OLLIE LEECH: Yeah, absolutely. I mean, we're seeing I think it's now 75% of miners have now shifted to the US, which is really interesting. Because I mean, go back two years and that's the amount of the hash power was doing in China. I think a great deal of that has to do with stability, predictability.

I mean, if you look at China and what we've learned from that, obviously miners, you know these hard and fast law policies that come out very quickly, there's no lobbying involved. There's absolutely no cooperation from the miners to try and shape these policies.

So I think they've come to the US. You know that, the energy, there's a lot more renewable energy obviously. That sector is trying to become greener. But it's this stability, it's predictability. Obviously, you know the policies take a lot longer in the US because it's democratic.

They have more say in that sort of landscape I think. And also you know you know it's just an opportunity for them to become more renewable. It's obviously putting more pressure on the regulators in the US now that they have so much mining taking place in the nation, that they're obviously going have to make sure that it does stick to its guns on being renewable.

And you the Bitcoin Mining Council led by Elon Musk and Michael Saylor, they're obviously going to have a big role to play in shaping this kind of sector as it moves forward now after we've left China.

- Now, our colleague Brian Cheung, he talked to SEC chair Gary Gensler earlier this week at Yahoo Finance All Markets Summit.
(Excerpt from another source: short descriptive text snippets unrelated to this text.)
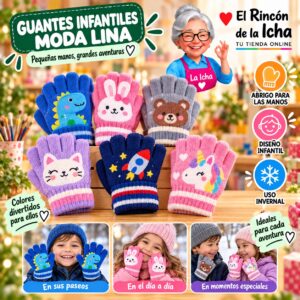 RI-ML-02131 Guantes Infantiles Moda Lina Diseño 950613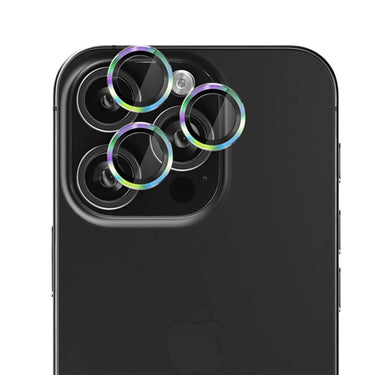 EFM Camera Lens Screen Armour for iPhone 16 Pro and 16 Pro Max - Rainbow
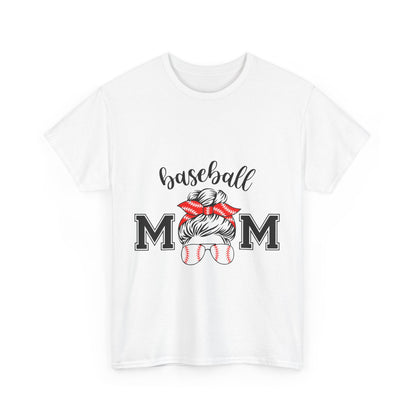 Baseball Mom Unisex Heavy Cotton Tee - Perfect for Game Day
And once again we heard Gensler kind of reiterate the fact that he's worried about, or he has concerns I should say, about investor protection. He once again referred to the crypto market as the Wild West. What do you think of those comments?

And I guess to put it in perspective for us, because a lot of people, a lot of investors are very encouraged by the fact that we saw that first Bitcoin futures ETF last week. And that could potentially lead the way to a Bitcoin spot ETF. When we hear Gary Gensler make these types of comments, I guess, do you think that's still the case? Are we likely going to see a Bitcoin spot ETF here in the US?

OLLIE LEECH: Yeah I think so. I mean, it's a little bit disheartening obviously to hear him still have that view, given you know so many financial products are coming out now, not just in the US, but obviously in Canada, we've had ETFs there already. And also in Europe we've had that Jacobia Asset Management ETF launched.

So you know, it's not so much the Wild West it was before. And in fact, if you look across the board now, regulations are more than we've ever had before more. Institutions are more comfortable to invest in this space. I think it shows a level of maturity and legitimacy that the market is starting to have. [? Valium ?] and Blockchain have just bought the Gibraltar Stock Exchange is going to be.

You know, you'll be able to buy traditional securities with crypto assets. There's a whole amount of legitimacy going on there. It's hard to hear him still think that there is a Wild West element. Obviously you know things like DeFi and stuff like that, there can be.

But yeah, with these futures ETF, I mean it's the same argument a lot of people have said, you know these the futures ETF can be structured more to the Investment Company Act in 1940. And it can have these investor protections that we see with mutual funds.

But we still have these front month contracts that have to be rolled over. And the performance of the ETF can be damaged if obviously if the price is more expensive going into the next month. So, we're just going to have to sort of see how this goes.

There's a lot of push and pull. I think eventually I'd like to think that he will come to his senses, I guess, and allow an ETF. And it will give the market a lot of boost or give these investors more security.

Because physically backed ETFs, you know, they just seem to perform a lot better on paper than futures ETFs, because of the front month rolling thing. So yeah, we'll see. I'm hopeful. I hope he. Does a U-turn into next year. We'll see.

- All right, Ollie Leech, CoinDesk's Learn Editor. Always great to speak with you. Thanks.